Exchangeability: The set $Y_1, Y_2, \ldots, Y_n$ is exchangeable if the joint probabilty $p(y_1, \ldots, y_n)$ is invariant to permutation of the indices. That is, for any permutation $\pi$ , $p(y_1, \ldots, y_n) = p(y_{\pi_1}, \ldots, y_{\pi_n})$ .

Theorem 1: All independent and identically distributed random variables are exchangeable.

Theorem 2 (de Finetti’s Theorem): A sequence of random variables $(y_1, y_2, \ldots)$ is infinitely exchangeable iff, for all $n$ , $p(y_1, \ldots, y_n) = \int \prod_{i = 1}^n p(y_i\mid \theta)P(d\theta)$ for some measure $P$ on $\theta$ .

Although hierarchical models are typically written using the conditional independence notation above, the assumptions underlying the model are exchangeability and functional forms for the priors. $y_i \stackrel{ind}{\sim} p(y\mid \theta_i) \quad \theta_i \stackrel{ind}{\sim} p(\theta\mid \phi) \quad \phi \sim p(\phi)$

Example 2: Normal hierarchical model

Suppose we have the following model: $\begin{aligned} y_{ij} & \sim N(\theta_i, \sigma^2)\\ \theta_i & \sim N(\mu, \tau^2) \end{aligned}$ with $j = 1,\ldots, n_i$ , $i = 1, \ldots, I$ and $n = \sum_{i = 1}^I n_i$ . We assume $\sigma^2 = s^2$ is known and $p(\mu, \tau^2) \propto p(\tau)$ , i.e. assume an improper uniform prior on $\mu$ .
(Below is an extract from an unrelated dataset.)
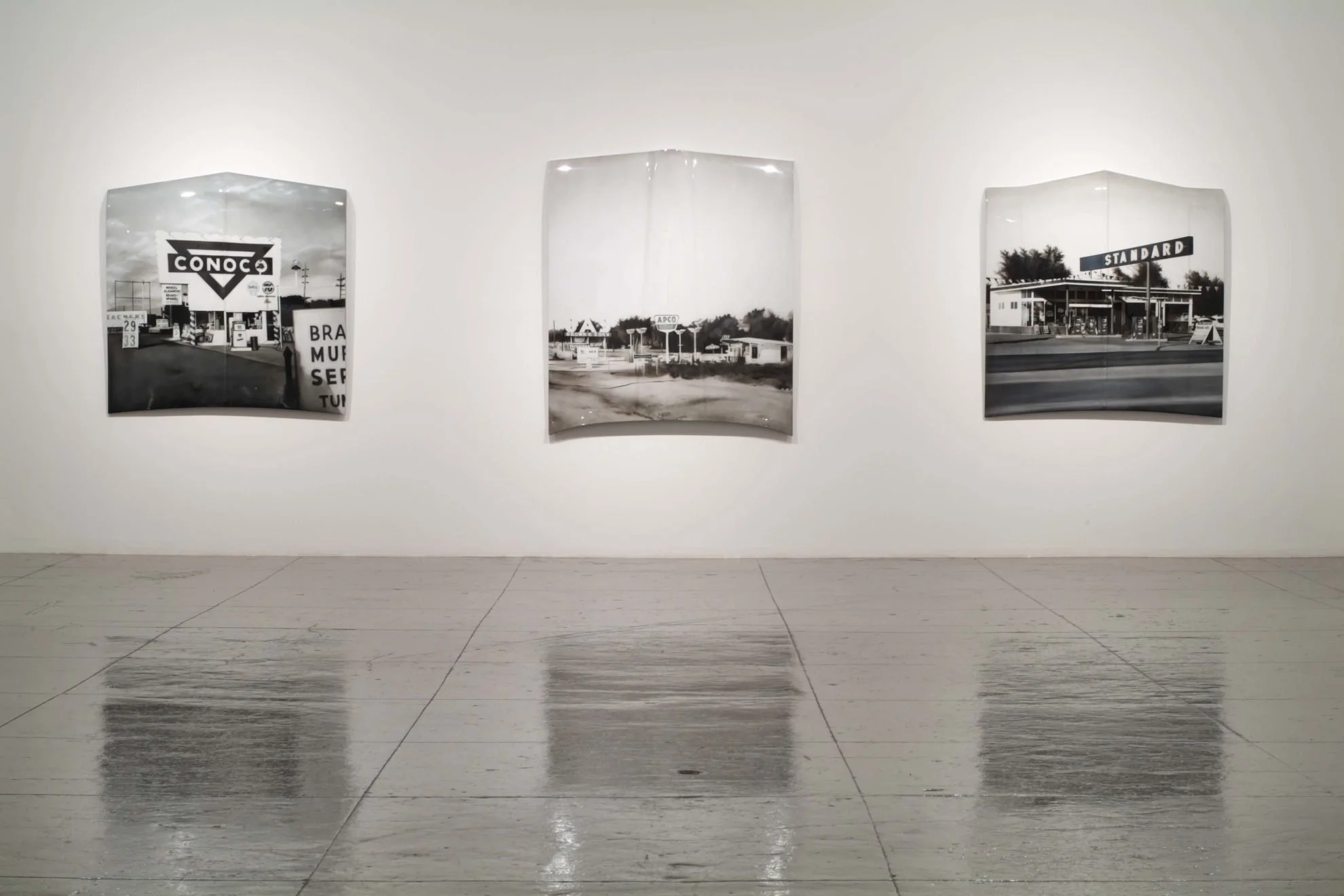 Black and white photographs of vintage gas stations displayed on a white gallery wall.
(Section 5.4 in Bayesian Data Analysis) Let $\bar y_{i.} = \frac{1}{n_i} \sum_{i = 1}^{n_i} y_{ij}$ and $s^2_i = s^2/n_{i}$ , then $\left\{\begin{aligned} p(\tau \mid y) & \propto p(\tau) V_{\mu}^{1 / 2} \prod_{i=1}^{\mathrm{I}}\left(s_{i}^{2}+\tau^{2}\right)^{-1 / 2} \exp \left(-\frac{\left(\bar{y}_{i}-\hat{\mu}\right)^{2}}{2\left(s_{i}^{2}+\tau^{2}\right)}\right) \\ \mu \mid \tau, y & \sim N\left(\hat{\mu}, V_{\mu}\right) & \\ \theta_{i} \mid \mu, \tau, y & \sim N\left(\hat{\theta}_{i}, V_{i}\right) & \\ \end{aligned}\right.$ with $V_{\mu}^{-1} =\sum_{j=1}^{J} \frac{1}{s_{i}^{2}+\tau^{2}} \quad \hat{\mu}=V_{\mu}\left(\sum_{i=1}^{\mathrm{I}} \frac{\bar{y}_{i}}{s_{i}^{2}+\tau^{2}}\right) \\ V_{i}^{-1} =\frac{1}{s_{i}^{2}}+\frac{1}{\tau^{2}} \quad \hat{\theta}_{i} =V_{i}\left(\frac{\bar{y}_{i}}{s_{i}^{2}}+\frac{\mu}{\tau^{2}}\right)$ One choice for $p(\tau)$ is $Ca^+(0, 1)$

There are some alternative distributions for $\theta_i$ :

Heavy-tailed: $\theta_i \sim t_{\nu}(\mu, \tau^2)$
Peak at zero: $\theta_i \sim Laplace(\mu, \tau^2)$
Point mass at zero: $\theta_i \sim \pi\delta_0 + (1 - \pi)N(\mu, \tau^2)$

Hierarchical models

allow the data to inform us about similarities across groups
provide data driven shrinkage toward a grand mean
- lots of shrinkage when means are similar
- little shrinkage when means are different